Panic at 2000mm

Posted on Wednesday, July 26, 2006

Yesterday was a fun moment for me. It still only ranks as number 2 on the most shit-scared I've ever been list, but I did not enjoy it.

Picture if you will, a bunch of SCUBA nuts going through the usual self flagilation that is emergency preparation manouvres. Stuff like taking your gear off then putting it back on under water, flooding your mask then clearing it, swiming across the pool without a mask etc.

It's been ten years since I last dived, so it was a steep learning curve for me. Things have actually changed in that time.

Anyway, we had gotten to the bit where you motion that you're out of air and take your buddy's emergency second stage (they're no longer called an octopus for some reason). I had already gone through this one with Charmaine the night before, so I wasn't too fazed, even though I have forgotten all but the most rudementary hand signals.

I swim over to the divemaster I am buddied with, and signal that I am out of air.
He just looks at me blankly. I signal again I am out of air and I need to grab his ocky. Again he looks at me blankly, so I just grab it off him. While I am trying to grab it, it's get's snagged on his jacket. He helps untangle it, and I put it in my mouth. By this point I think I am fine and have spat out my 2nd stage. I put the ocky in my mouth, take a breath and...

Water!

The bloody thing is malfunctioning and not delivering air! I spit it out, he sort of shakes it and hands it back to me. I am starting to get a bit upset, cause what sort of self-respecting dive master doesn't ensure his emergency air supply isn't malfunctioning?

I put it back in my mouth and try to take another breath. More bloody water!

I take about three breaths of water, because I am starting to get desperate and start looking at the other people in the pool for help: I look at the instructor, my sister, then up at the surface.

We had just finished a 2 hour theory session about how all the worst accidents happen in diving when someone swims to the surface in a panic. I did not want to be that person, but I was quickly coming to the point where I could either risk popping a lung or two, I could stay down with them hoping they get that the ocky only delivered water and I am desperately screwed, or drown.

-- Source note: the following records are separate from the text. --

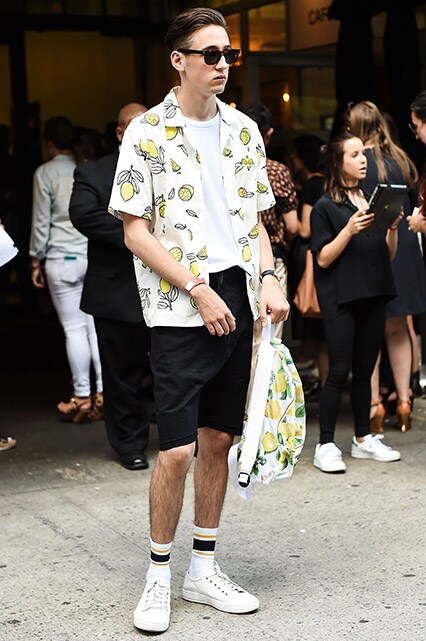 A street-styler wearing a white T-shirt, printed shirt and long shorts | ASOS Style Feed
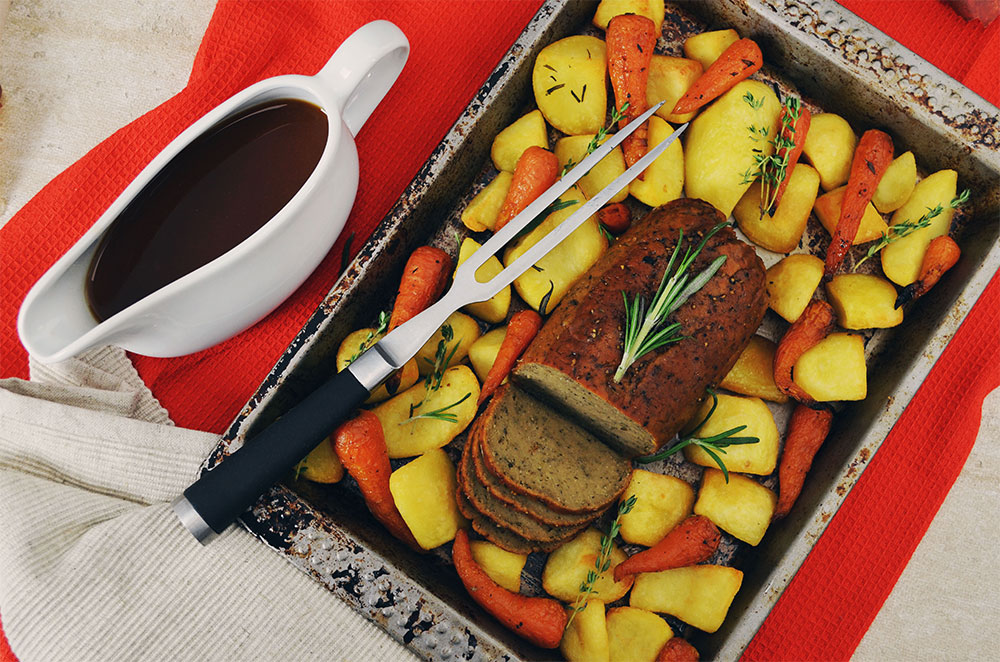 Vegan Turkey-Style joint in a roasting tin with potatoes and carrots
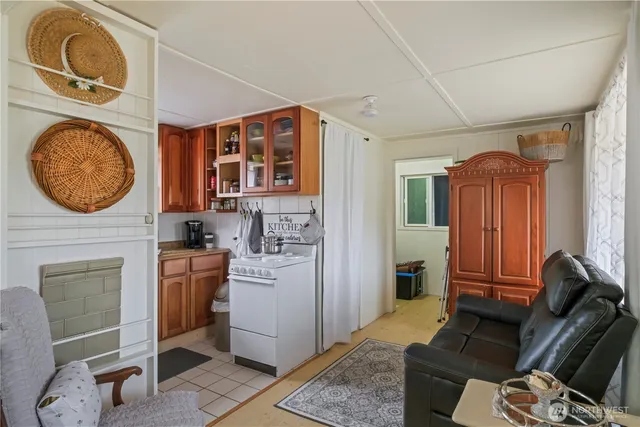 a view of a livingroom with furniture and a fireplace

As you could see, none of those options really appealed to me. It was down to about 5 secs from taking my chances with a popped lung when the instructor realised what was going on. I was desperately trying to recover my second stage, and not succeeding cause it was on a shorter hose than I had been used to, when he grabbed it for me and handed it to me. I was so paniced by this stage I thought he was handing me his ocky. It wasn't until I had ripped through about 10 breaths and could start to breathe normally that I realized it was my own mouthpiece that he'd handed me. The instructor then pointed out with hand signs that I had grabbed the divemaster's ocky upside down, and that was why it was delivering only water.

He then motioned for me to try again. I shook my head quite emphaticly. I then somehow managed to force myself to stay underwater for the rest of the exercises. Ten minutes later, we surfaced, they all looked at me and I said,
I'm just going to sit on the edge of the pool for a while, you guys just keep on doing you thing. I need a moment.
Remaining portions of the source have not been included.